Marinus van der Lubbe (1934) Proletarian or Provocateur?

by Paul Mattick

Alongside many truths about Nazi terror, the ‘Brown Book’ on the Reichstag fire (published by the Third International) also contains the claim that Marinus van der Lubbe is a tool of the Hitler movement. The only evidence adduced is van der Lubbe’s alleged homosexuality, as if the Nazi leaders would have been in need of a prole who had been unemployed for years to act as a homosexual partner for them. The Nazis ought surely to have had enough ‘decent’ people in their own ranks for such purposes. Yet the CP [Communist Party] hacks have even fabricated van der Lubbe’s homosexuality. The entire body of evidence they present is made up of lies from A to Z, and yet this forms the central focus of their entire line of argument.

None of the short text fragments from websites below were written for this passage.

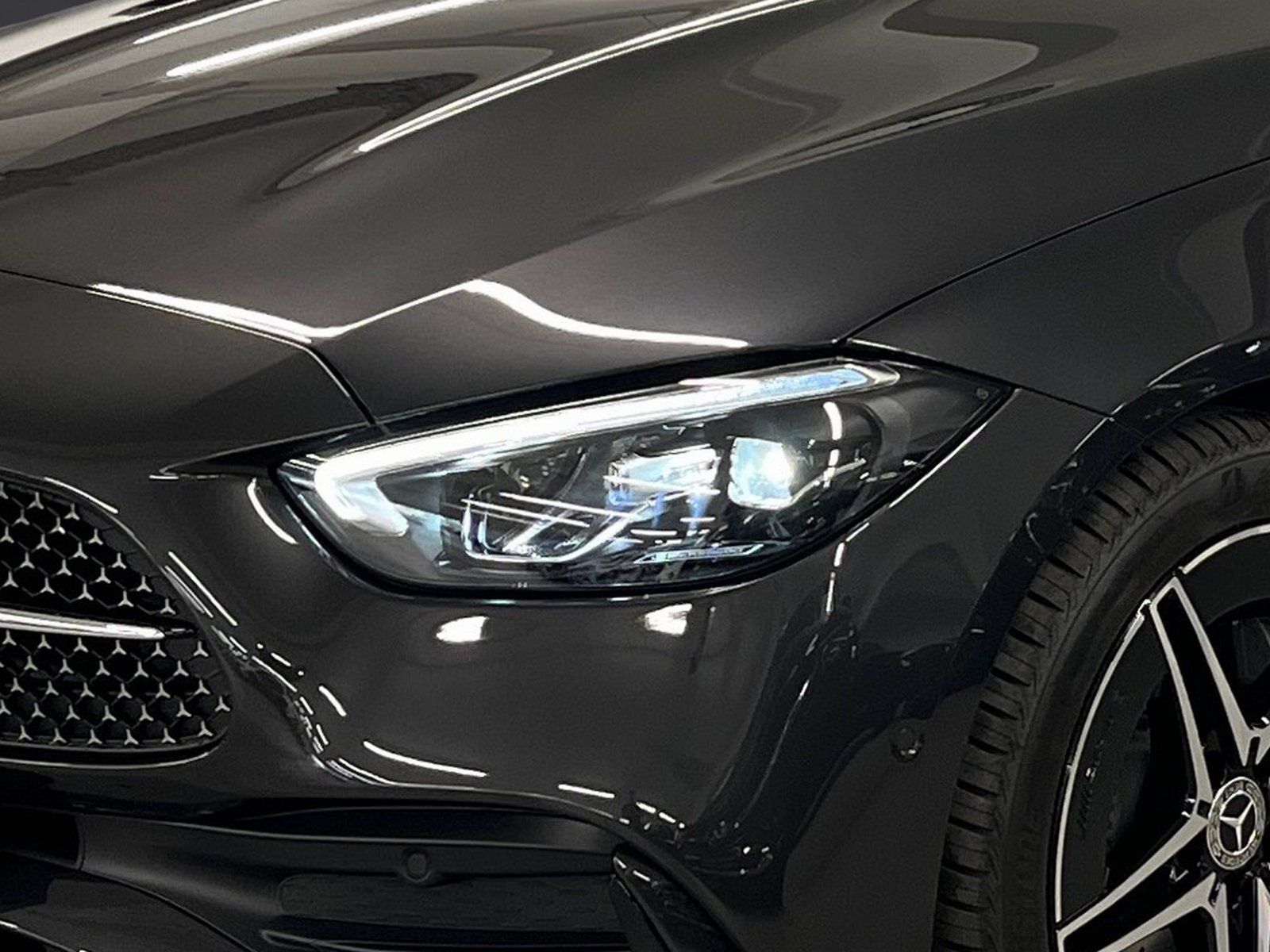 Fahrzeugabbildung Mercedes-Benz C 200 d AMG*Night*Distro*360°*Totwinkel*AHK*LED*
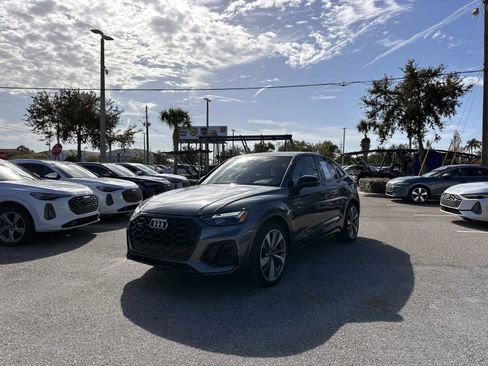 Used 2023 Audi SQ5 Premium Plus w/ Premium Plus Package image 2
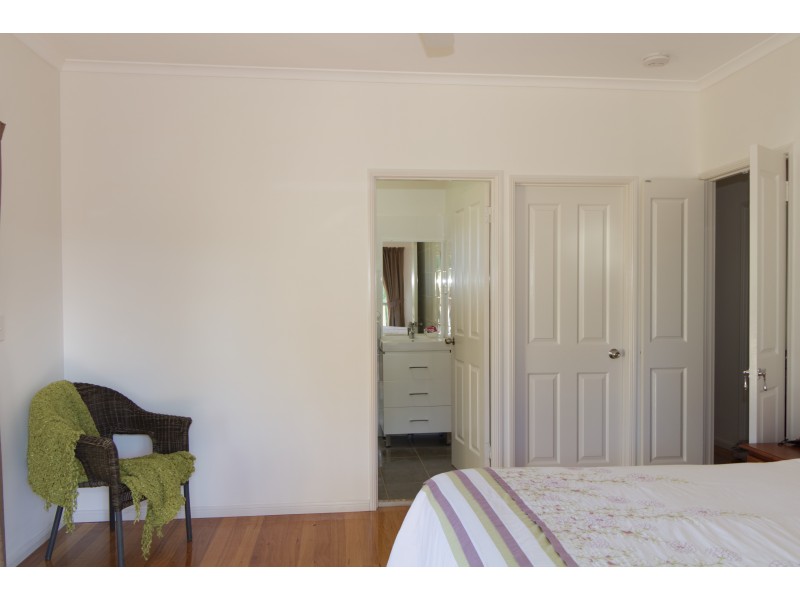 111 RAINBOWS ROAD, SOUTH ISIS, Childers QLD 4660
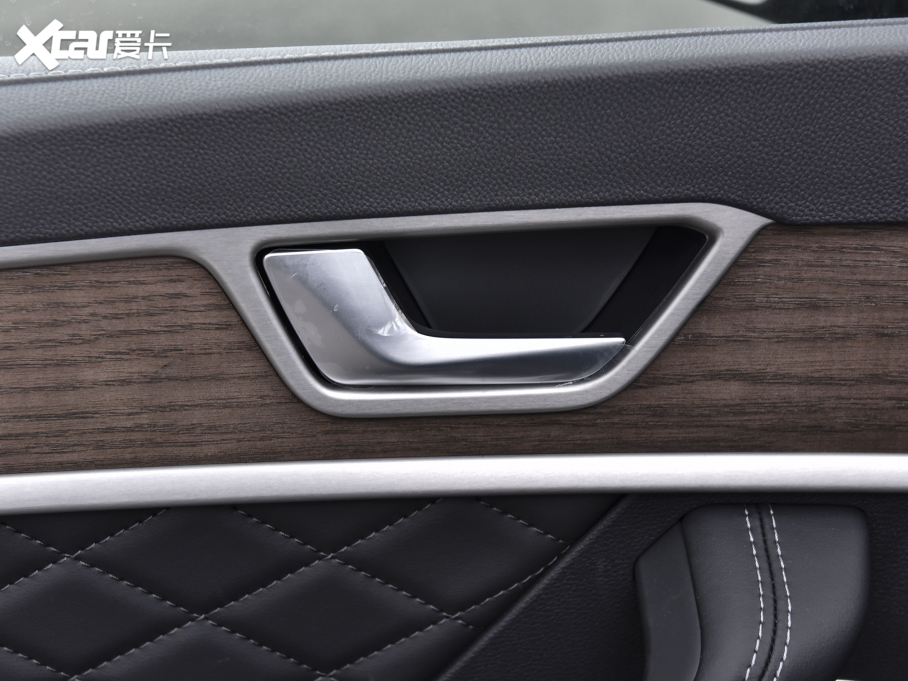 2022tHS7 2.0T DCT앳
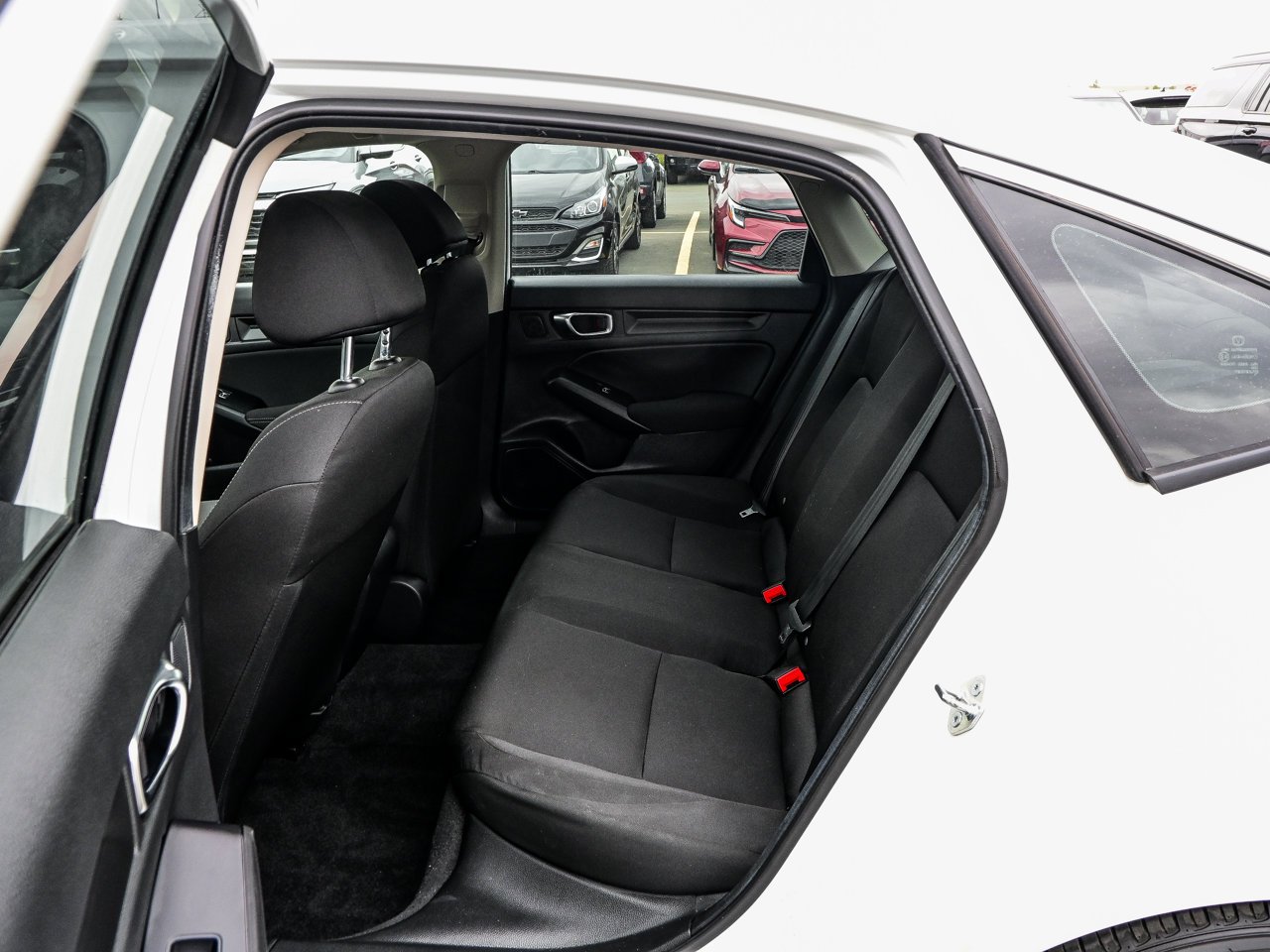2025 Honda Civic Sedan LX CVT White Sherwood Park - photo #30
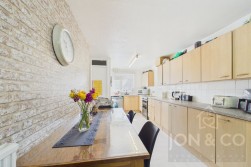 Lark Rise | Woodfields | NN3
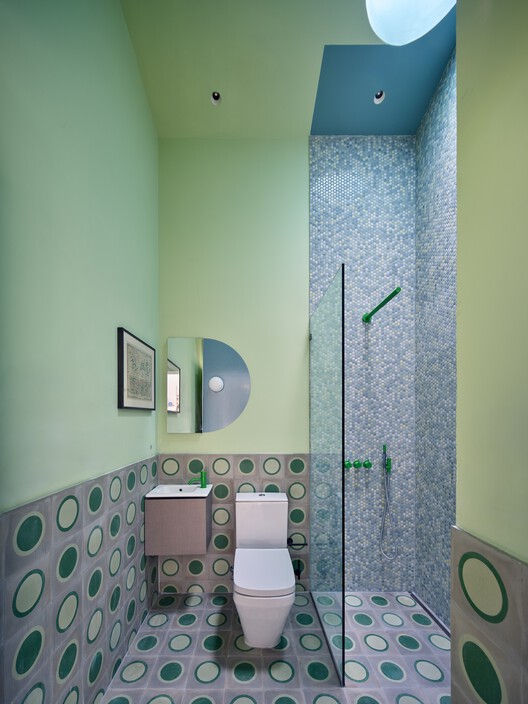 Riverhouse / WORKac - Interior Photography, Bathroom, Toilet, Sink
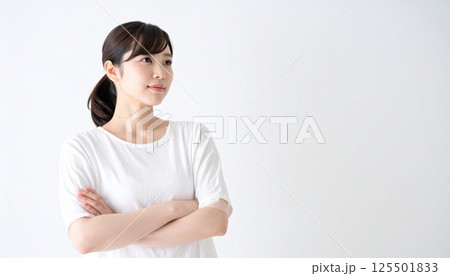 《AI画像》腕を組んで考え事をする若い女性 125501833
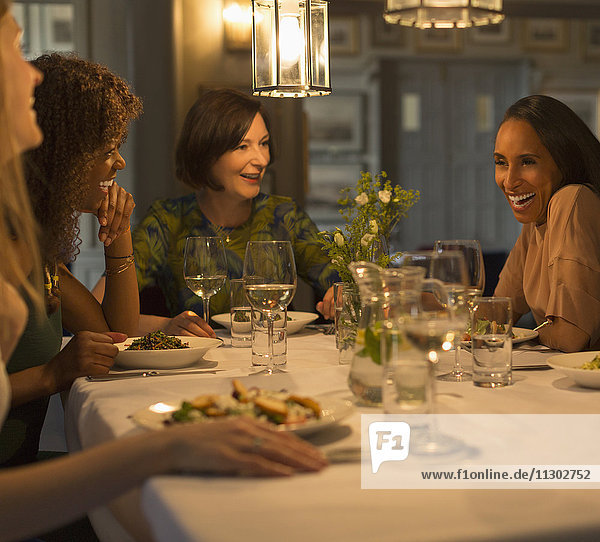 Frauenfreunde beim Essen und Reden am Restauranttisch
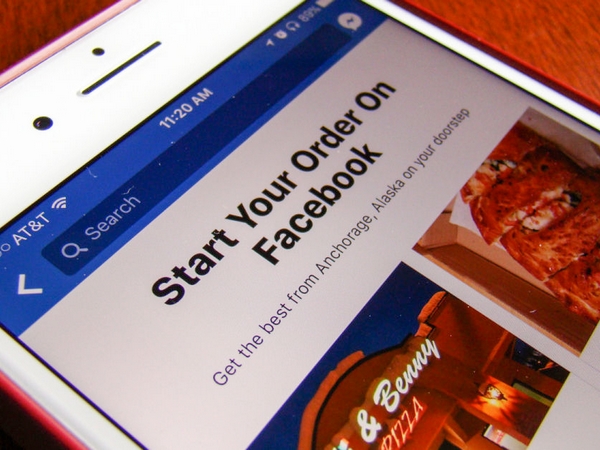 பேஸ்புக் பக்கங்கள் மூலம் உணவு ஆர்டர்கள் 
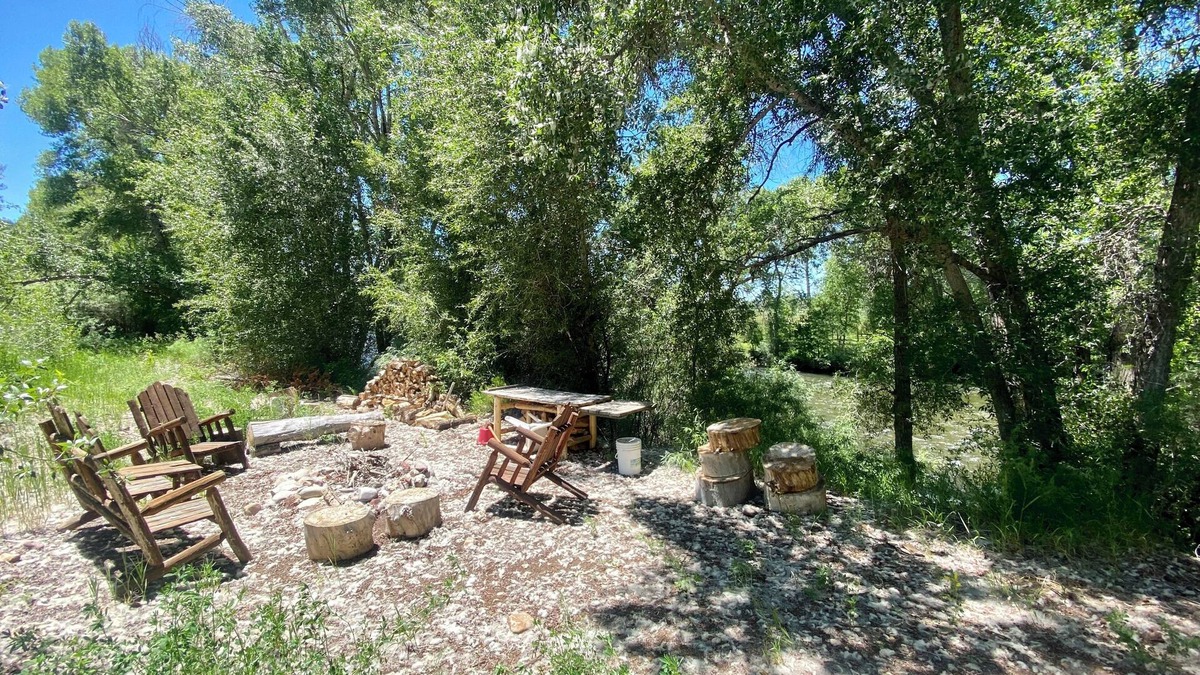 Almont House | Getaway in the Gunnison Valley @ 10 X Ranch Home, Ski CB &/or Monarch!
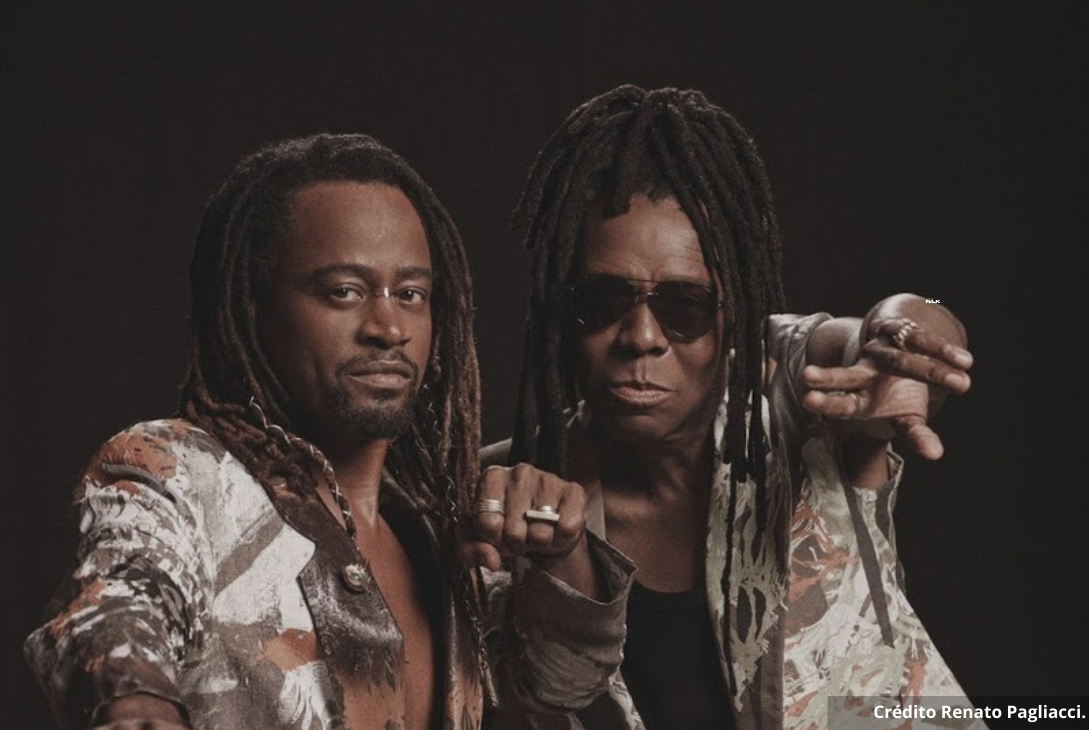 Foto dos cantores Toni Garrido e Bino Farias.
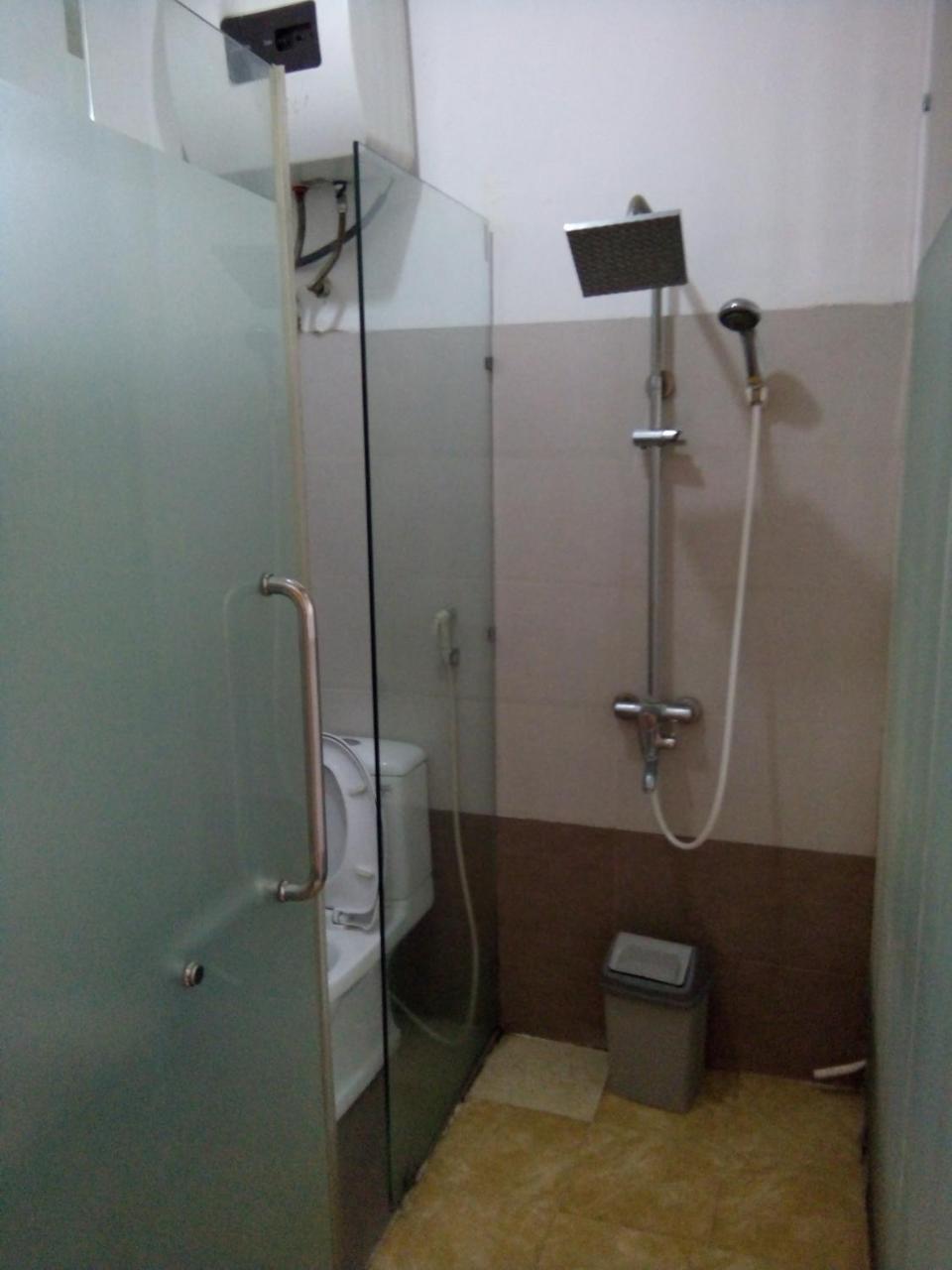 מלון Yen Thinh Khach San Thuong Mai מראה חיצוני תמונה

Marinus van der Lubbe was a member of the Group of International Communists in Holland until November 1932. He was aware of the parliamentary treason of the SPD [Social-Democratic Party of Germany] and the parliamentary cretinism of the KPD [Communist Party of Germany]. He observed how fascism developed in Germany, and how the workers’ parties did nothing to resist it. Shortly before the seizure of power, the SPD and the KPD attempted to deter workers from the actual struggle by recommending that workers settle accounts with the fascists at the polls. Ballots were supposed to prevent revolution. When Hitler’s troops demonstrated in front of the Karl-Liebknecht-Haus, the KPD wrote leaflets: “Workers, respond to them on 5 March, vote for the Communists!” The atmosphere was one of civil war; it drew van der Lubbe, the revolutionary, to Germany. Yet the workers’ parties did everything possible to dodge this civil war and thus prepared the way for defeat. On the eve of the establishment of fascism’s political power, the workers’ leaders had nothing to recommend other than parliamentary fraud. As a protest against this fraud, van der Lubbe set fire to the Reichstag. He did so to signal that the way forward is not the ballot box, but revolution. To signal that an end must be put to parliamentary fraud.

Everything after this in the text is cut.